Have any of these people ever thought of running on a “do nothing” ticket. Some
might even approach the well-nigh unattainable status of the learned and unexcitable
Calvin Coolidge. Let them go home and stay there until a national emergency calls
them forth. Better still, let them wait the “emergency” out and, depending on whether
it threatens national security, maybe it will go away by itself, as the Great Depression
almost certainly would have done if, as many revisionists now believe, Herbert Hoover
and Franklin D. Roosevelt hadn’t taken it upon themselves to tinker with naturally
sustaining and self-correcting market forces.

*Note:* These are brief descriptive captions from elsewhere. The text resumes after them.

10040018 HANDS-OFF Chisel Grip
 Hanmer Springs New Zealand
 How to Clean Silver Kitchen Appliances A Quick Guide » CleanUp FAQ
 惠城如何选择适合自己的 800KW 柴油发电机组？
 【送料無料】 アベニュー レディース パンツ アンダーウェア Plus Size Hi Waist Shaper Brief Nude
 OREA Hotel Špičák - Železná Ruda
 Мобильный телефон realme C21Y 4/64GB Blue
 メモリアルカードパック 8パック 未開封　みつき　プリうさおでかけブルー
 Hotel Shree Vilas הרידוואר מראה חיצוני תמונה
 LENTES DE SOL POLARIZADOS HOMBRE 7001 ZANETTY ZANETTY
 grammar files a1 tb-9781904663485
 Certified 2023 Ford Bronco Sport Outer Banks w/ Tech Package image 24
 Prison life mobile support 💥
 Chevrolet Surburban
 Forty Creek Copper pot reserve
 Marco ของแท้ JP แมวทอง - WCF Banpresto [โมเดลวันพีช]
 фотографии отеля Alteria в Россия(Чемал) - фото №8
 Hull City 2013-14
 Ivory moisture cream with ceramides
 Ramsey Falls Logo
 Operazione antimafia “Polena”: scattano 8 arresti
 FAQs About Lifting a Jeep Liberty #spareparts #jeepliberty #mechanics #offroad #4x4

So let them go home and stay there and, above all, DO NOTHING! Let them drink
their toasts to the likes of William McKinley, who didn’t even leave his front porch to
campaign for reelection, and William Howard Taft and Franklin Pierce and the Filmore
Fews, a famous organization paying tribute to the non-accomplishments of the man
who may have been our greatest President, Millard Filmore, sneeringly and unfairly
impugned by his disclaimers as a “Copperhead” or “Cotton Whig”—in other words, as
a Southern sympathizer.
Certainly he managed to get fewer your Americans killed in unnecessary wars than
the Lincolns, Roosevelts, Wilsons and Lyndon Johnsons. If he could have been
around long enough he might even have managed us to avoid to the calamitous Civil
War or, more correctly, War between the States, fought on the pretext of freeing
slaves when, in actuality, the only real reason for it was the fear of Northern
moneychangers that the South would soon surpass their region in industrial might,
what with all that cotton lying for the taking just outside the doors of their new-grown textile mills.
If you have something to do, congressmen, and are willing to do it, which is seldom
the case, then for god’s sake do it and get the hell out of Washington! Go back to
your wives, your swimming holes, your summer revivals, your family reunions, your
backyard barbecues, your singles bars, your long days when there are no easy women to sooth your pain. Just get the hell on out and let the rest of us LIVE! As soon as we can get hold of what money we have left and stick it under our mattresses.